Overview of Formal Specifications
Generally speaking, a specification describes the task at hand formally. A specification is a definition of the interface and data in a format the computer can understand. The fact that this description is formal means that it is officially agreed upon and consistent with other decisions made during the development.
The specification provides the bridge between an English description and the AI implementation. This phase is a final chance to think before the implementation starts, which will offer great assistance later.
Procedural View of AI
Taking a functional point of view can help explain the situation. Consider the AI as a single procedure, which needs to be passed information and return the results. In C++, the declaration of a function is known as a prototype (or footprint). After the prototype has been written, both the inputs and outputs have been formally specified—using C++ keywords to define the data structures.

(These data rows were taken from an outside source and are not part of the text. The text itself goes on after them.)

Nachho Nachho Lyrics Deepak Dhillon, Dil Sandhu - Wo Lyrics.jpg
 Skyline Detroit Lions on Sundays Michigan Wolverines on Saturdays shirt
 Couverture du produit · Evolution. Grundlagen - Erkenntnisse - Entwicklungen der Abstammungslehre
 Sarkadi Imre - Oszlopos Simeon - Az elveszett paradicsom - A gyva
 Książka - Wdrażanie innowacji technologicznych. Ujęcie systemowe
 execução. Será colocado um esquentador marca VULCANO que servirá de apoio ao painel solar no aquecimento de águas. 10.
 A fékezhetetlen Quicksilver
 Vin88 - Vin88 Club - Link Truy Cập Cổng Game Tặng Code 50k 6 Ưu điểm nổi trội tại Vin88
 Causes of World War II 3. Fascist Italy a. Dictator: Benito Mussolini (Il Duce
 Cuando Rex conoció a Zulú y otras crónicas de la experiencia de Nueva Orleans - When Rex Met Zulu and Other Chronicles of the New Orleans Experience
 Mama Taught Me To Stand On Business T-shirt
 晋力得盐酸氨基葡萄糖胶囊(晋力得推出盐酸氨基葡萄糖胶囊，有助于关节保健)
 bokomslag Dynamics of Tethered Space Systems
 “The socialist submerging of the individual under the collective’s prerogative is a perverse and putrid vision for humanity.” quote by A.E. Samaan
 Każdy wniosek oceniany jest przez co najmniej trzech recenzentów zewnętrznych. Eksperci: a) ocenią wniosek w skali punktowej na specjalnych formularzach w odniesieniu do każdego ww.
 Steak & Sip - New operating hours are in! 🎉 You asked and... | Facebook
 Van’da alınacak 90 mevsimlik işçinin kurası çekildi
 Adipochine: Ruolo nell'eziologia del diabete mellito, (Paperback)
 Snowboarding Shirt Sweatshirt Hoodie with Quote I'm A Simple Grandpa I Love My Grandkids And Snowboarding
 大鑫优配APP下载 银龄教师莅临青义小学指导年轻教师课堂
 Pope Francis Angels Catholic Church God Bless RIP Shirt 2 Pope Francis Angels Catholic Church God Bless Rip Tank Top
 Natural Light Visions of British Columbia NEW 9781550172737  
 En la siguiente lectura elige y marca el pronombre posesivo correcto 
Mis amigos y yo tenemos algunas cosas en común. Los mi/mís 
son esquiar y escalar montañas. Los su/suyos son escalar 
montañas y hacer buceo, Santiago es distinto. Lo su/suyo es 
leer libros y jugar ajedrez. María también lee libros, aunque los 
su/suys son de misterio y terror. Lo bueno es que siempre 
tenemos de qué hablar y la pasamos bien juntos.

Before we can implement a function, it's necessary to know about the relationship with external variables. Explaining the implicit behavior of the program outside the procedure is necessary to solve the problem. When we have the prototype, and the description of the context, programming the function is greatly simplified. This is exactly what we want to achieve for the AI solution: Make the implementation easier by formalizing the variables involved.
Aim of the Specification
At the end of the specification stage, the interface defines how the problem fits into the rest of the system. We call this the scaffolding. In a nutshell, there are three things to worry about formalizing: the context, the inputs, and outputs—as mentioned in Chapter 7, "Analysis and Understanding."
There are many design methodologies to handle this sort of programming conundrum, and developing AI can be similar in many ways. That said, there are numerous AI specific tips and tricks that we can use to customize this process to be more appropriate. The methodical routines described here—as well as knowledge representation theory—simplify the handling of complex problems.